Den Traum vom Weltall habe ich während meiner Studienzeit jedenfalls nie aus den Augen verloren, und ich wollte deshalb ursprünglich nach dem Masterstudium die Ausbildung zum Piloten absolvieren, um später in den Weltraum fliegen zu können.

Dass es eigentlich nur Raumfahrer und kaum Raumfahrerinnen gibt, wurde mir erst durch eine Stellenausschreibung für das nordamerikanische Spaceshuttle-Programm bewusst. Darin wurden im Speziellen Frauen angesprochen, sich für dieses Programm zu bewerben. Ich war mit meinem Studium fast fertig und bewarb mich dafür.

Ich wusste auch, dass Weltraummediziner dort immer gebraucht werden. Astronautin ist ja ein Beruf, der nicht nur aus Weltraumflügen besteht. Es ist wichtig, dass man im Space-Programm Aufgaben findet, die seinen Vorkenntnissen entsprechen. Nur die wenigsten in diesen Programmen sind Piloten.

Vier Jahre intensives Training

Ich begann 1983 als Leiterin eines internationalen Forschungsteams, die gesundheitlichen Veränderungen von Astronauten nach ihrem Weltraumflug zu untersuchen. 1984 startete ich mit meinem Training für den Weltraumflug. Durch den Challenger-Unfall 1986 kam es bei der Raumfahrt zu einem Stillstand. Die Vorbereitungen für meine erste Mission ins Weltall nahm ich erst 1988 wieder auf. Das intensive Training dauerte vier Jahre. Gerade für Naturwissenschafter war es durchaus herausfordernd. Denn Menschen machen Fehler, und der Großteil des Trainings bestand darin, wie mögliche Fehler behoben werden können. Aber auch der Alltag in einem Spaceshuttle wird trainiert. Das romantische Bild der Schwerelosigkeit, wie es im Fernsehen gezeigt wird, stimmt mit der Realität nicht überein. Es ist eine sehr herausfordernde Umgebung, jede Bewegung löst eine dementsprechende Gegenbewegung aus. In der Öffentlichkeit wird das natürlich besser dargestellt, weil künftige Raumfahrer nicht entmutigt werden sollen.
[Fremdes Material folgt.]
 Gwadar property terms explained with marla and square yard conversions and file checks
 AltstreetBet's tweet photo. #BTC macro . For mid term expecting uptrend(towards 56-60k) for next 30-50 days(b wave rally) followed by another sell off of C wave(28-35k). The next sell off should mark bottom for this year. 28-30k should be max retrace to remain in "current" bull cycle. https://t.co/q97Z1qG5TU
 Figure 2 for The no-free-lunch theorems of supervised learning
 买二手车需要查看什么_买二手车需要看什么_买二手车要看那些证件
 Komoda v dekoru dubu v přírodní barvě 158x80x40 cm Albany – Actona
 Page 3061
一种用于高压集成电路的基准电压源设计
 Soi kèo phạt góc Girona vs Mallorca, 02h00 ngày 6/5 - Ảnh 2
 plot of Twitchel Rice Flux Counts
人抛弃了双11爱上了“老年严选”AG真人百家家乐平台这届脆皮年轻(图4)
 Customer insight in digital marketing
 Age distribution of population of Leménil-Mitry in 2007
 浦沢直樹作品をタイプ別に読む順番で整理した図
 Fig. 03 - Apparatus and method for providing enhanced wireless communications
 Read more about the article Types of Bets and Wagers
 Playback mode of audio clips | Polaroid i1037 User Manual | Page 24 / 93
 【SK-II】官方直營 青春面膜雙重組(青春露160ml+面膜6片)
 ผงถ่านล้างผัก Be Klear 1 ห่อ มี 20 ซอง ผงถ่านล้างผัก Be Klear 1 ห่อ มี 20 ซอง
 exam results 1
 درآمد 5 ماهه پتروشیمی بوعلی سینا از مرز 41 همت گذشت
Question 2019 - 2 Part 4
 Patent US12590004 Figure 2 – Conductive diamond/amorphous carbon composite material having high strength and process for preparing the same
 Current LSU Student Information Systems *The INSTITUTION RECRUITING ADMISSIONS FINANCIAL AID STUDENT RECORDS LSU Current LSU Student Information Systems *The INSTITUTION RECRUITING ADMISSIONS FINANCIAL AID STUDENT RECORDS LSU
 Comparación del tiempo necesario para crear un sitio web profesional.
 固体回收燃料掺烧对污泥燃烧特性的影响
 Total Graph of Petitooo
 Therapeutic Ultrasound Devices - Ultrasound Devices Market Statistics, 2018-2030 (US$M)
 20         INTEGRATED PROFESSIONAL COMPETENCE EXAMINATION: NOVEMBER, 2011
Aber schon nach 48 Stunden im Weltraum funktionieren die einfachsten Bewegungen bei der Rückkehr nicht mehr und müssen wieder erlernt werden.

1992 war es dann so weit, und ich war mit an Bord der Raumfähre Discovery. Unsere Mission dauerte acht Tage. Und der Blick auf den Planeten Erde vom Weltraum aus verändert jeden. Diese Sicht kann in keinem Imax-Kino simuliert werden. Denn dort kann man noch immer ganz normal auf die Toilette gehen oder sich Popcorn kaufen, und wenn eines runterfällt, bleibt es unten liegen. Vom Orbit schaut man auf die Erde, sieht das Verhältnis von Wasser und Land, und sonst ist nichts, keine strahlenden Sterne, nur tiefes Schwarz und die Erde.

Humanressource

Es ist so, wie wenn man seinem Lieblingsmusiker plötzlich live gegenübersteht. Dieser Blick war für mich der Augenkontakt mit dem, was unser Leben ausmacht. Wenn wir aus dem Fenster schauen, wirkt die Erde ja wie eine Hütte, und es wäre sehr ungewöhnlich, wenn jemand hier dauernd daran denken würde, dass er auf einem Planeten lebt. Mir hat dieser Blick auf den Planeten die Augen weiter geöffnet. Ich habe mich schon immer für unsere Umwelt interessiert, aber durch meinen Ausflug ins All wurde mir noch stärker bewusst, dass wir auf einem Planeten leben, auf dem die vorhandenen Ressourcen geschützt werden müssen. Und eine ganz wichtige Ressource ist die Humanressource. Aber auch wenn der Flug mein Leben verändert hat, wollte ich kein zweites Mal in den Orbit, auf den Mond ja, aber nicht noch einmal zu einer Raumstation. Auch nicht auf den Mars, denn bevor wir dorthin fliegen, müssen erst die Wirkungen der UV-Strahlung oder auch die Veränderungen im Gehirn durch die Schwerelosigkeit erforscht werden. Im Weltraum machen wir erst Minischritte. (Gudrun Ostermann, DER STANDARD, 15./16.6.2013)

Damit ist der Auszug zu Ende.